A vector field X on a Lie group satisfying (dR_g)_h(X_h)=X_{hg}, hence determined uniquely by its value at the identity.

Right-Invariant Vector Field

Let $G$ be a Lie group . Write $R_g:G\to G$ for right translation by $g$ .

Definition (right invariance).
A smooth vector field $X$ on $G$ is right-invariant if for all $g,h\in G$ ,

(dR_g)_h(X_h)=X_{hg},

where $(dR_g)_h$ is the differential (pushforward) of $R_g$ at $h$ . Equivalently, $(R_g)_*X=X$ for every $g\in G$ .

Proposition (determined by the value at the identity).
Let $e$ be the identity of $G$ . The assignment

v\in T_eG \longmapsto X^R_v

defined by

(X^R_v)_g=(dR_g)_e(v)

is a vector space isomorphism from $T_eG$ onto the space of right-invariant vector fields on $G$ .

Bracket and the “opposite” Lie algebra.
Right-invariant vector fields are closed under the Lie bracket of vector fields. If one identifies $\mathfrak g=T_eG$ using left-invariant vector fields (the usual convention), then the correspondence $v\mapsto X^R_v$ is a Lie algebra anti-homomorphism:

[X^R_v,\,X^R_w]= -\,X^R_{[v,w]}.

Equivalently, right-invariant vector fields realize the opposite Lie algebra structure on the same underlying vector space.

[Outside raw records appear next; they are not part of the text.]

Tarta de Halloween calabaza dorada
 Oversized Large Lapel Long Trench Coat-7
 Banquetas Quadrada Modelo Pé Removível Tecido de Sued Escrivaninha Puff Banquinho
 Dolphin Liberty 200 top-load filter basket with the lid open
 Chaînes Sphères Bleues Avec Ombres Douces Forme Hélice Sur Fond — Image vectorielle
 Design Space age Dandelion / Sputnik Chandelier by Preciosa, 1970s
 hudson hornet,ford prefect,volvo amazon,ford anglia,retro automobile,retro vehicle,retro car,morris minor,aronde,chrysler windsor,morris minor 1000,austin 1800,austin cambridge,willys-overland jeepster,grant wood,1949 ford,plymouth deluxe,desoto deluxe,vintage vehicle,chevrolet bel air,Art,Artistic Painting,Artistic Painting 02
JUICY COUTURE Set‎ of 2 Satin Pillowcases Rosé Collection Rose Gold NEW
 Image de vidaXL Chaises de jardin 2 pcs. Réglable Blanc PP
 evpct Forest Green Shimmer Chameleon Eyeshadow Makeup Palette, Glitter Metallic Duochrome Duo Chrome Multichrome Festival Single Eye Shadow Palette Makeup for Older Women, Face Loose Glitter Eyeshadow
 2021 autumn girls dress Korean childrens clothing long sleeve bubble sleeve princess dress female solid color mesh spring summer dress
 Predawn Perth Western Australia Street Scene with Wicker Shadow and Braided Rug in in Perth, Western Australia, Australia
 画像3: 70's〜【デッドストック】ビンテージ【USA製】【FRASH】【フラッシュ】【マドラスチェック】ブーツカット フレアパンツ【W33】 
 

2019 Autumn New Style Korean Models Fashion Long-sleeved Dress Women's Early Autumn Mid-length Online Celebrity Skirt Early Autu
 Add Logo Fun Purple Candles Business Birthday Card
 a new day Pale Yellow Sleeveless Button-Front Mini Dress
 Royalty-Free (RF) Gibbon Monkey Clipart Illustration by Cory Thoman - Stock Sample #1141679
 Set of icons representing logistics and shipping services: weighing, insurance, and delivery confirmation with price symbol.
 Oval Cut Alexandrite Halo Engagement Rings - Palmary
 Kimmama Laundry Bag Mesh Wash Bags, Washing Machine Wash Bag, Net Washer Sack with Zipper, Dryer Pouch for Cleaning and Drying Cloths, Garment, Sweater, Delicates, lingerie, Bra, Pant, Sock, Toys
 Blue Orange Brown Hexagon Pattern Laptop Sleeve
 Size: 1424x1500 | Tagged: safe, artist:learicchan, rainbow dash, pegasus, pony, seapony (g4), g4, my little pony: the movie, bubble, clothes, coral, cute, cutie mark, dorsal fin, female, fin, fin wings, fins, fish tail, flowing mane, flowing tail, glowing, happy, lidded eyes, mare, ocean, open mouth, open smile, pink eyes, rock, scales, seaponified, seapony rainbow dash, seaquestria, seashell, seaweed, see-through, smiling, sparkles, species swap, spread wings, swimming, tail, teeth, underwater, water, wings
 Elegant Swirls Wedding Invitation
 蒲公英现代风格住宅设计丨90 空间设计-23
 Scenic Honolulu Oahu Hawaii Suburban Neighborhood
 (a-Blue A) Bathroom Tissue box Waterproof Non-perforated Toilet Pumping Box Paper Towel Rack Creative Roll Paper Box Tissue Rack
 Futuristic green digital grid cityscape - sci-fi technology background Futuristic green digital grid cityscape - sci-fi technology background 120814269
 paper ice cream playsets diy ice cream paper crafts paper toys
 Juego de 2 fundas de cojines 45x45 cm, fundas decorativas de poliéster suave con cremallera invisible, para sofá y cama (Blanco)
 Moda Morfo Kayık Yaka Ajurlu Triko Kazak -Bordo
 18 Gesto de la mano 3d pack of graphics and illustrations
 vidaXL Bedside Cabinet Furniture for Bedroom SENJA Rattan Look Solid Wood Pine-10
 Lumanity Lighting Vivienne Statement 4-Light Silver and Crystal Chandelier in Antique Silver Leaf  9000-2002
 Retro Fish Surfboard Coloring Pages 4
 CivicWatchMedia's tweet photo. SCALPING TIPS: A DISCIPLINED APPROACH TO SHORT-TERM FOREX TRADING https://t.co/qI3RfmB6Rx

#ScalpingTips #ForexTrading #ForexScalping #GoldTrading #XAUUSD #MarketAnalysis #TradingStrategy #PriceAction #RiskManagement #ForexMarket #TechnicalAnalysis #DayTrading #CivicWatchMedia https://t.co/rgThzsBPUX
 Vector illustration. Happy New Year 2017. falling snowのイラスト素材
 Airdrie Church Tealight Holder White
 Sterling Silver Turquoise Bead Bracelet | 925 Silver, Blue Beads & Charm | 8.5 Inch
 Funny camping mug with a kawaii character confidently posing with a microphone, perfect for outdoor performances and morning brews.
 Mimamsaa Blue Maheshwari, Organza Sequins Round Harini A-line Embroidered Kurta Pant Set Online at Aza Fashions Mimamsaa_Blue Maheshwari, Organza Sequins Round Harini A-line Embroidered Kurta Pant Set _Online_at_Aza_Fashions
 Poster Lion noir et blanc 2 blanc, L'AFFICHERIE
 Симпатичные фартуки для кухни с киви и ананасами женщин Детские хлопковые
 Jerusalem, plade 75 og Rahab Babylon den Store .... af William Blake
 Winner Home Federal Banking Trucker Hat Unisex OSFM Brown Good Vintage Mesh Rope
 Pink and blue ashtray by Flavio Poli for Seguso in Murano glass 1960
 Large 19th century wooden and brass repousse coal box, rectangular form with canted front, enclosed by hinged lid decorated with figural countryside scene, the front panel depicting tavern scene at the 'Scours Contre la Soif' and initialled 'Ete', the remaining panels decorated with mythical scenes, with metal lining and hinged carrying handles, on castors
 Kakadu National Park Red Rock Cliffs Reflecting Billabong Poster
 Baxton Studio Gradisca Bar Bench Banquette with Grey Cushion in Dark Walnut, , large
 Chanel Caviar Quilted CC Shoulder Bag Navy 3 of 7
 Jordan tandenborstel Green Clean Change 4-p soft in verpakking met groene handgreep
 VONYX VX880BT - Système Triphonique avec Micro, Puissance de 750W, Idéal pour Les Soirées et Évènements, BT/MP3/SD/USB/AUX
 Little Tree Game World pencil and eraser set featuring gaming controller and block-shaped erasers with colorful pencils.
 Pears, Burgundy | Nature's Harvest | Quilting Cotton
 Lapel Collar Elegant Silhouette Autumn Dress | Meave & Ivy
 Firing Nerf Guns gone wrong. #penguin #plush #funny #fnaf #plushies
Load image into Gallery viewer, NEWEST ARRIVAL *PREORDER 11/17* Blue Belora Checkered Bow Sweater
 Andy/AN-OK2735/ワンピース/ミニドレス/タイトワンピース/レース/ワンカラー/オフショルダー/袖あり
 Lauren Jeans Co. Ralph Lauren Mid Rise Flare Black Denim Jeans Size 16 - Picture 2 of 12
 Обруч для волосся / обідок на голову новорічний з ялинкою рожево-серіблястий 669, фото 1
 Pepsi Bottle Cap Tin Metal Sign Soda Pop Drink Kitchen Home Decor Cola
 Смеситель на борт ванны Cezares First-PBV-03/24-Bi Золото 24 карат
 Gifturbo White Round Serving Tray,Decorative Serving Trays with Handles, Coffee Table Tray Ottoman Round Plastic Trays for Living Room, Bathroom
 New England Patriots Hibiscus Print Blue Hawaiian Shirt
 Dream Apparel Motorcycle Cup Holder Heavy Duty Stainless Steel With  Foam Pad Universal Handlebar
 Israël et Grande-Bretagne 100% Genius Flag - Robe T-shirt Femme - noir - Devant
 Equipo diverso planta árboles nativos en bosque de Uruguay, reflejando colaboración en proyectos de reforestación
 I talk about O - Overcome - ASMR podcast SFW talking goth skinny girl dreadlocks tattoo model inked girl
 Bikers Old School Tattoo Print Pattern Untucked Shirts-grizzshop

In an abelian Lie group, left and right translations coincide, so left- and right-invariant vector fields are the same.

Examples

$(\mathbb R^n,+)$ : constant vector fields.
Since $R_a(x)=x+a$ and $(dR_a)_x=\mathrm{id}$ , right-invariant vector fields are again precisely constant fields $X(x)=v$ .
Matrix groups: $X(g)=Ag$ .
For $G\subseteq GL(n,\mathbb R)$ and $A\in\mathfrak g$ , the right-invariant vector field associated to $A$ is
$X(g)=Ag,$
because $(dR_g)_e(A)=Ag$ .
Circle group $S^1$ .
As $S^1$ is abelian, right-invariant and left-invariant fields agree; a standard right-invariant vector field is $X(z)=iz$ .